The Time Lord smiled inscrutably and pulled up his loose sleeve. Chrístõ noted the tattoo on his forearm. It was an Ouroboros, a serpent curled around in a perfect circle eating its own tail. He knew that it was the symbol of an Oldblood House – one that was defunct because there was no known heir living on Gallifrey.

“You are the living Patriarch of the House of….” Chrístõ began. The Corsair touched him on the lips firmly but gently.

“I promised to reveal my true name, but there is no reason why it should be spoken aloud. When it is time for Amar Deep Singh to depart from this world I will be The Corsair again. I shall be known by that name until the day I die. It is enough.”

“Yes, it is,” Chrístõ agreed. He turned and looked once more at the terrible scene of a senseless massacre that would polarise opinion about India’s future and have repercussions for the next century and beyond. He could do nothing more to ease the grief and agony of those left behind. It was time to go. He stepped into the TARDIS followed by The Corsair. They both noticed that the Malcanan Brothers were again kissing the daughters of Amar Deep Singh.

“It’s a good job you DID teach them to recycle their breathing,” Chrístõ noted. “Or Vela would be suffering hypoxia by now. What should we do about this, do you think?”

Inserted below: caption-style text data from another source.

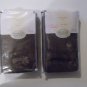 Embroidered Curtains Sears Faux Silk 54X63 Chocolate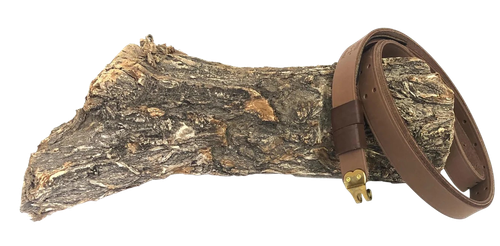Hunter Company 0210 Whelen Chestnut Tan Leather w/ Brass Hardware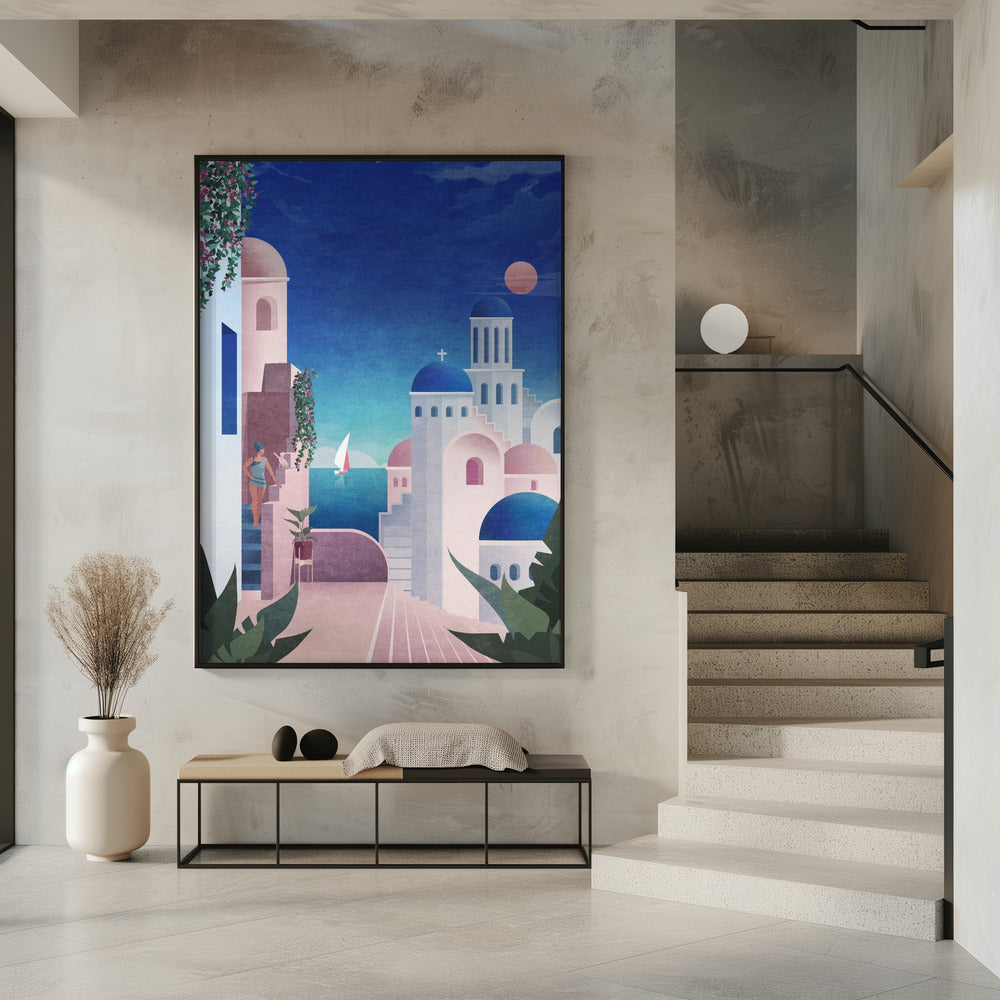 Aegean Dreamscape | Poster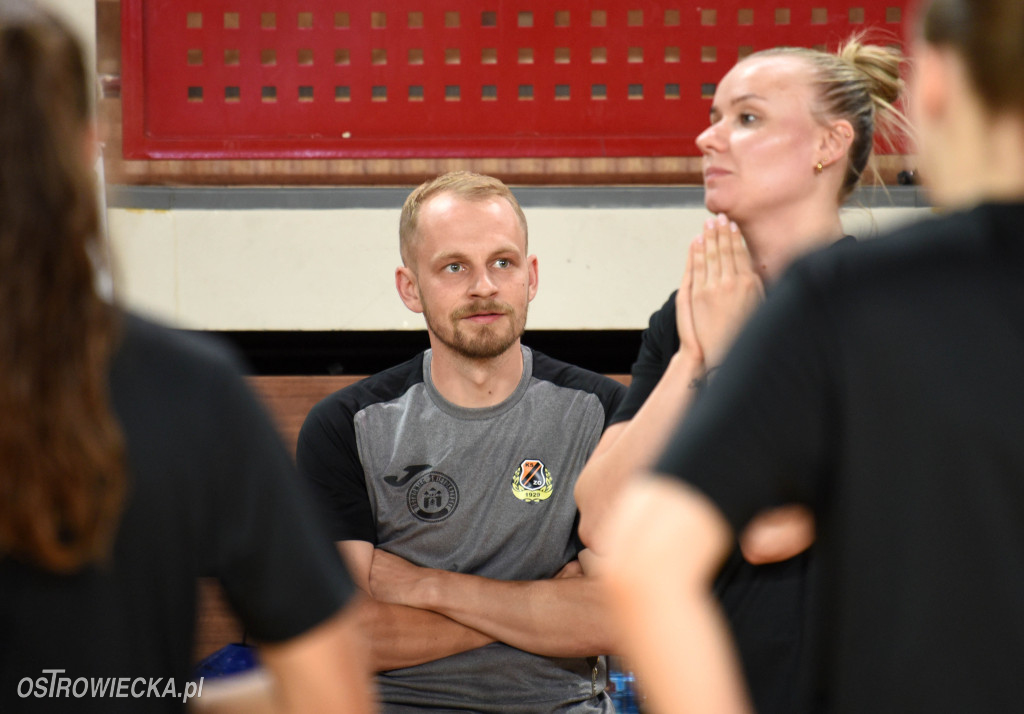 KSZO SMS- pierwszy trening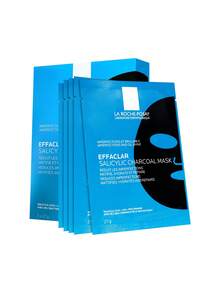 La Roche-Posay EFFACLAR 水杨酸炭面膜 27g*5 片/盒 - 27g*5-單盒 - 查看 5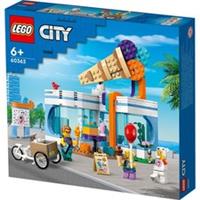 LEGO CITY (60363) Ice Cream Shop Toy Set, Sealed - NEW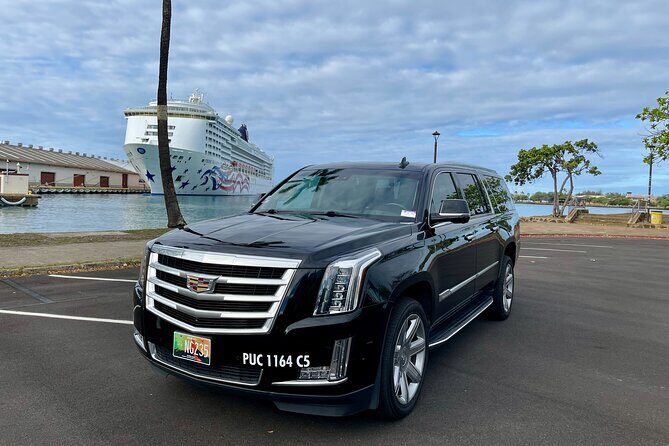 Honolulu Harbor Cruise Terminal Transfer by Luxury Vehicle - Pickup in Waikiki or at the Cruise Terminal: How You Actually Connect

“They seem to have made their minds up. They take after me in that respect. I knew within an hour of meeting their mother that I would love her for eternity.”

“I know that feeling,” Chrístõ agreed. “And yet… as their teacher… I am ‘in loco parentis’ as they say on Earth. If you want me to put a stop to it….”

“They are Caretaker sons. They have nothing with which to pay a dowry for my daughters. As a Gallifreyan father that would be a serious matter.”

“Then you will have to accept them as a Sikh father who believes all men are equal under God.”

“Chrístõ,” Diol stood up, leaving Amita to breathe freely for a few minutes. “Would it be all right? I know it wasn’t part of the plan. We were supposed to go back to Gallifrey when you finished teaching us. But… what if we stayed here… with Mr Singh… He could teach us just as much as you can. Maybe even….”

“Maybe MORE than I can teach you?” Chrístõ smiled to indicate that he wasn’t offended by the thought that crossed Diol’s mind.

“It would help you, as well,” Diol pointed out. “You could take that job as escort for the Beta Delta Olympic team that you were thinking about. You’d be able to go with Julia after all.”

“I never told you about that,” Chrístõ pointed out. “I never told anyone, not even Julia, because I didn’t want her to be disappointed that I couldn’t do it.”

“Well, now you can.”

“This is a big decision,” he added. “You can’t just decide to marry a girl you only met a day ago and give up your whole future in minutes.”

“It wouldn’t be our whole future,” Axyl pointed out telepathically so that he didn’t have to stop kissing Vela and she wasn’t worried by the way her whole life was being planned for her. “Come back for us in eighty years. One Human lifespan… long enough to live a good life with the women we love. Long enough for us to learn enough from their father to graduate from the Academy and be done with all of that. Then your work will be done, and we can decide the rest of our future after that.”

“It looks as if it’s all decided,” Chrístõ conceded. “You’ll have to explain it to your father, and to Lord Azmael. I had enough trouble explaining Cinnamal’s plans to the Lord High President. I’m not taking the blame again.”